Package managers generally provide reliable mirrors or endpoints to download software, many packages are tested before release, and, most importantly, they provide access to specific versions.
Most package managers have a command line interface that can be used from `RUN` commands in your `Dockerfile`, along with various flavours of "freeze" commands that can output a text file listing all software packages and versions (cf. [https://markwoodbridge.com/2017/03/05/jupyter-reproducible-science.html](https://markwoodbridge.com/2017/03/05/jupyter-reproducible-science.html) cited by @rule_ten_2019).

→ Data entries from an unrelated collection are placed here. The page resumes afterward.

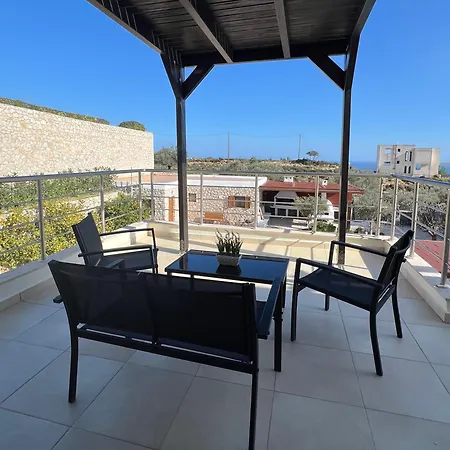 Chrysa Rhodes With Heated Pool Villa *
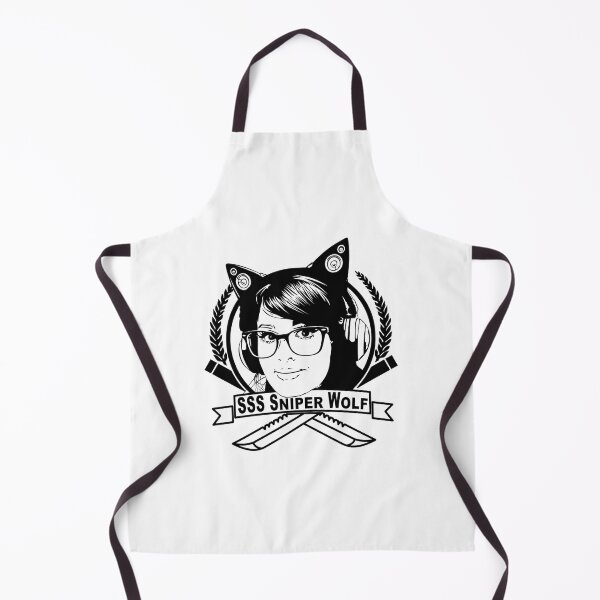 Item preview, Sssniperwolf,Wolfpack ,cute Sssniperwolf gaming ,girl youtuber gaming designed and sold by Amelia-Nina.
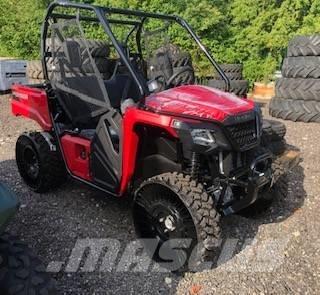 Honda PIONEER ATV/Quad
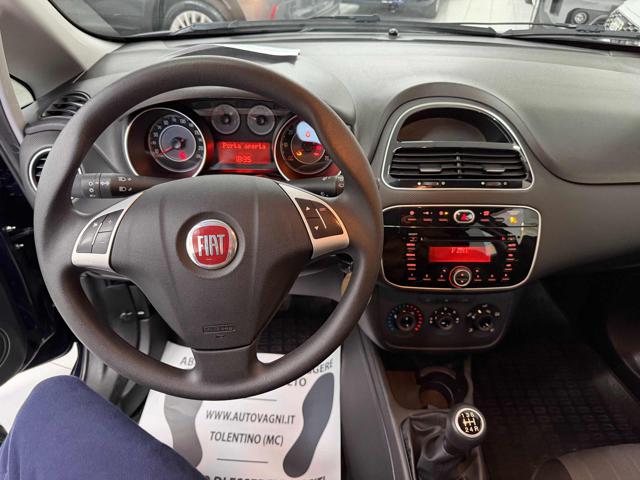 FIAT Punto usata 16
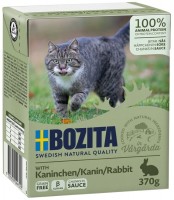 Фото - Корм для кішок Bozita Feline Sauce Rabbit  8 pcs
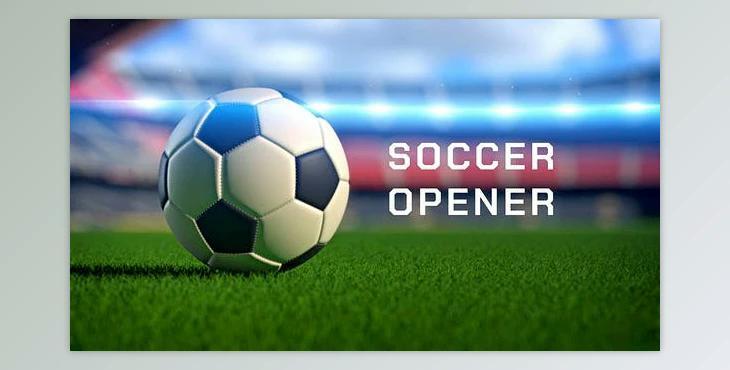 Soccer Opener (Videohive 33408563) - AE Project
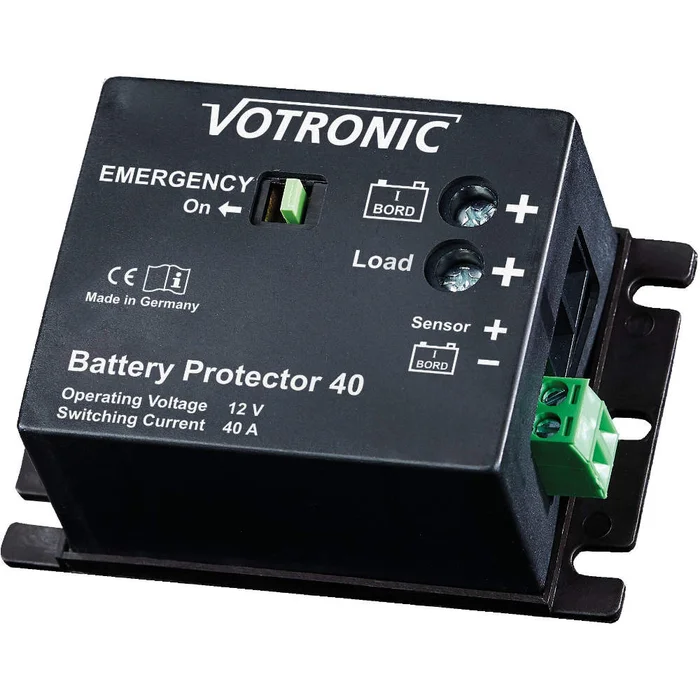 Votronic Batteriewächter – Battery Protector 40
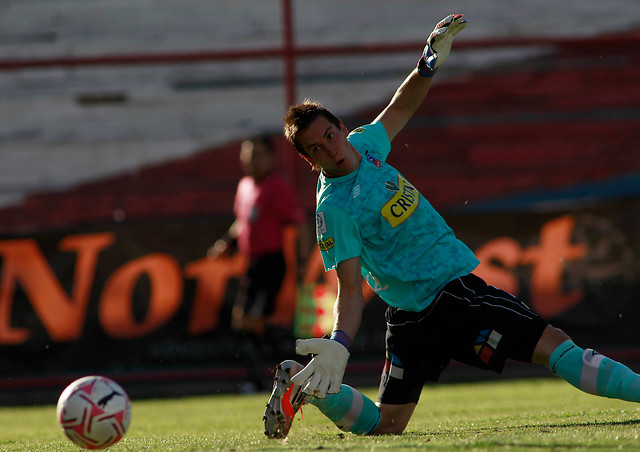 En Colo Colo comunican que Ignacio González está en recuperación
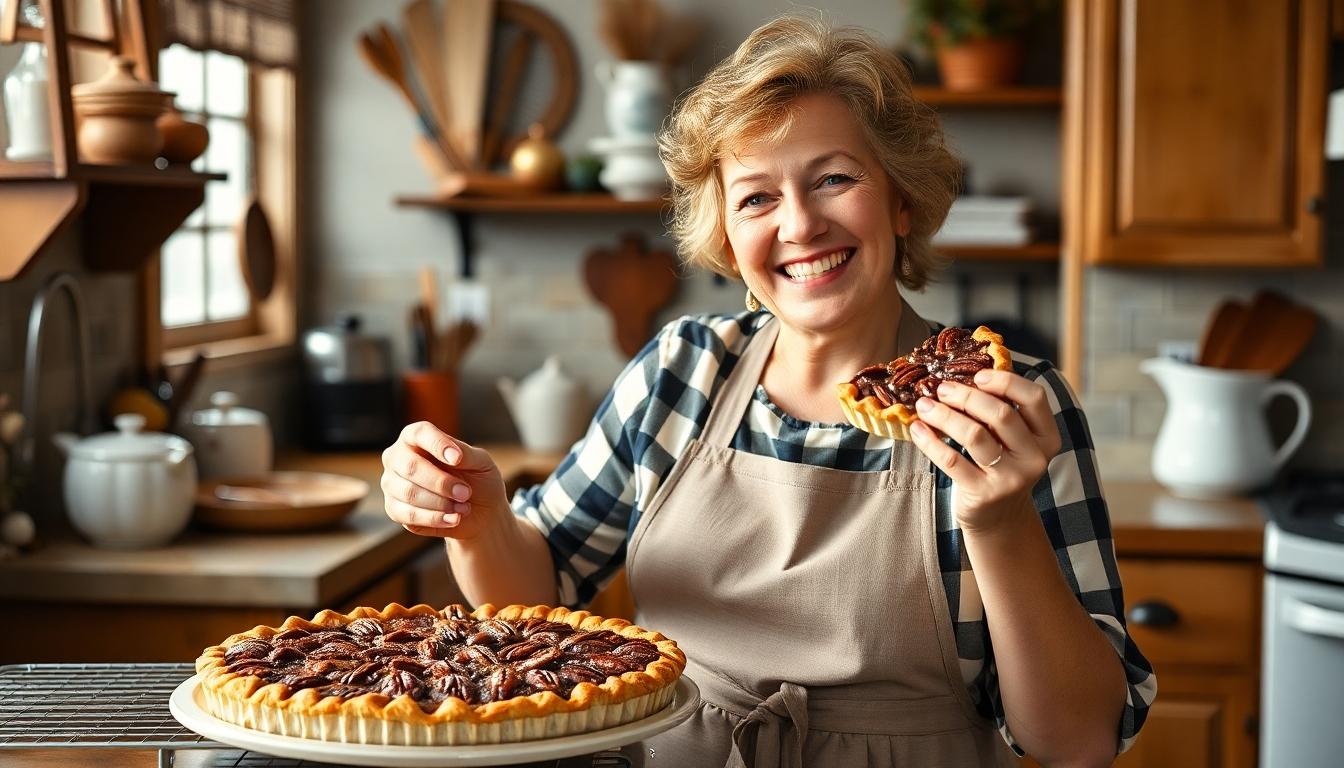 20 Nutty Pecan Pie Jokes That Will Crack You Up | Dessert Humor for Bakers 8 4e2d8f15 ef9e 45f7 b253
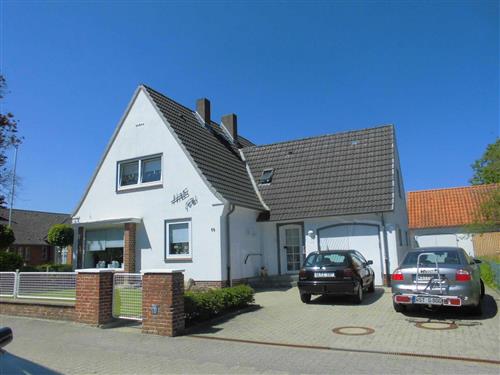 Feriehus / leilighet - 2 personer -  - Gartenstraße - 24376 - Kappeln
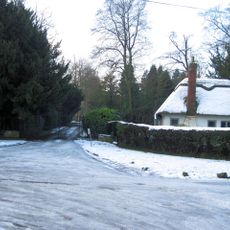 The Abbey, Aston Abbotts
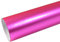 Rapid Teck® 8,55€/m² AutoFolie Serie z560 Candy Pink Hochglanz 1m x 1,52m Rosa selbstklebende Premium Car Wrapping Glanz Folie mit Luftkanal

The biggest risk with using package managers with respect to a `Dockerfile` is outsourcing configuration.
As an example, here are configuration files supported by commonly used languages in scientific programming:
- Python: `requirements.txt` (pip tool, @the_python_software_foundation_requirements_2019), `environment.yml` (Conda, @continuum_analytics_managing_2017)
- R: `DESCRIPTION` file format [@r_core_team_description_1999] and `r` ("little R", @eddelbuettel_littler_2019)
- JavaScript: `package.json` of `npm` [@npm_creating_2019]
- Julia: `Project.toml` and `Manifest.toml` [@julia_tomls_2019]
In some cases (e.g., Conda) the package manager is also able to make decisions about what versions to install, which is likely to lead to a non-reproducible build.
For this reason, it is necessary to pin the dependency versions.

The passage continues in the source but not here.